Task to carry out. Nothing but the lines below from the one that contains "Second-hand 2019 Renault" through the one that contains "Clóvis Ferreira foi" should be retyped, exactly and including both ends. Do not include pictures.

Data supplied.
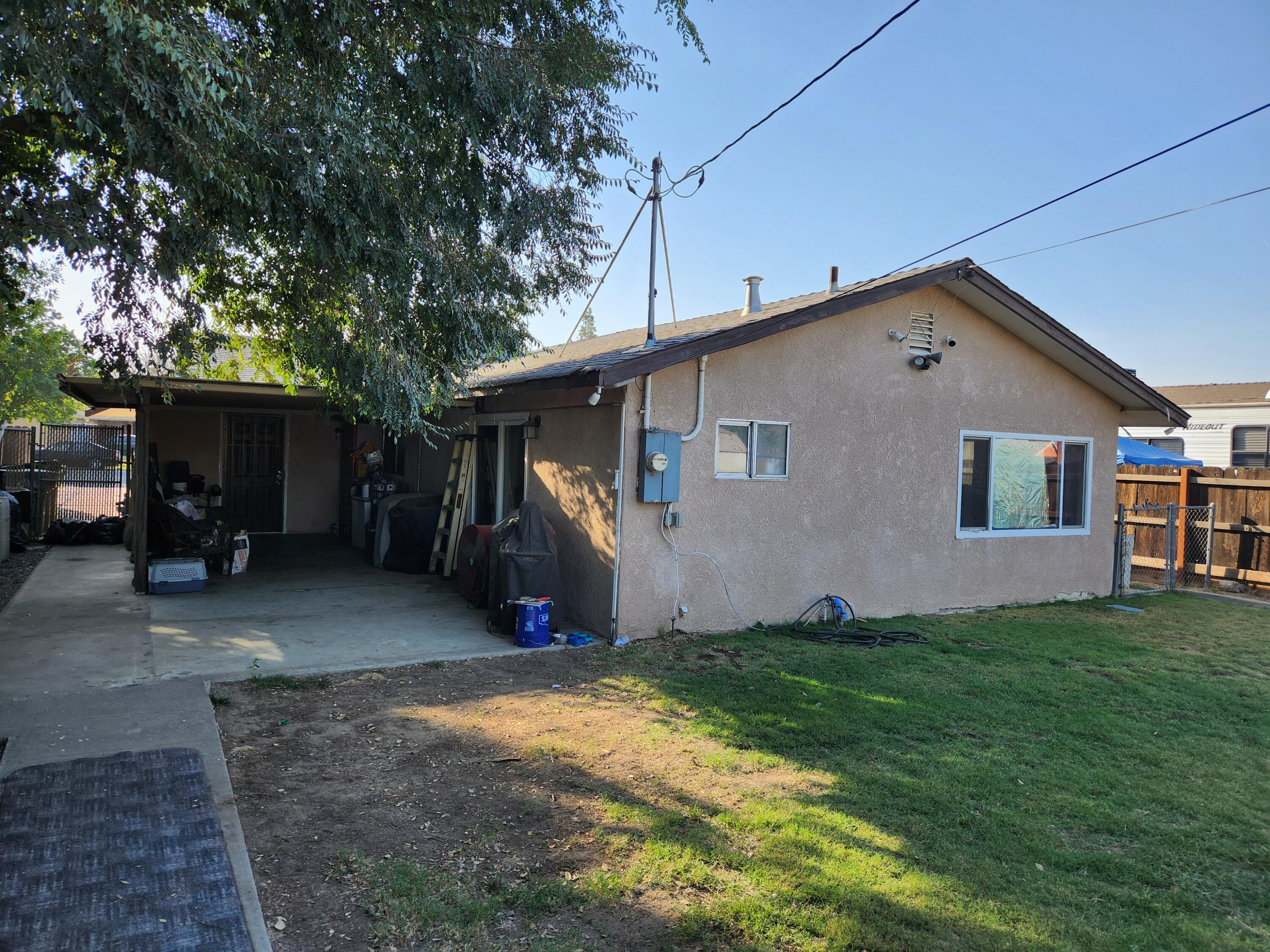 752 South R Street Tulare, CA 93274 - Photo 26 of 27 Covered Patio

---

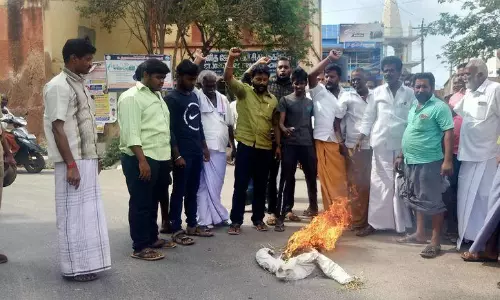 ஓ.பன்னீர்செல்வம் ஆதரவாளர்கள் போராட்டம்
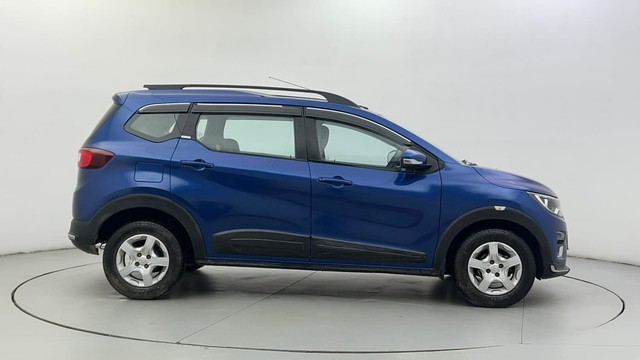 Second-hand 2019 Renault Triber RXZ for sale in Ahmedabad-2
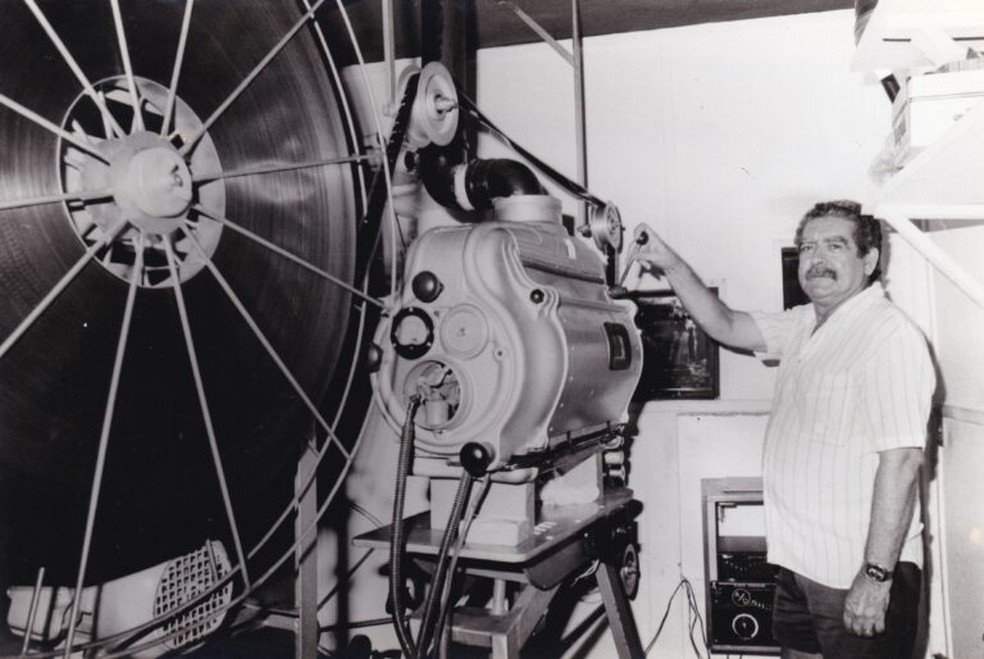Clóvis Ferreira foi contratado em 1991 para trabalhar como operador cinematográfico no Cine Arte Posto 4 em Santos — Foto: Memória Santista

==

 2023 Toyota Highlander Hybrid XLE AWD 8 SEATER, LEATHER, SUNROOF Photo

Output of the exercise.
 Second-hand 2019 Renault Triber RXZ for sale in Ahmedabad-2
Clóvis Ferreira foi contratado em 1991 para trabalhar como operador cinematográfico no Cine Arte Posto 4 em Santos — Foto: Memória Santista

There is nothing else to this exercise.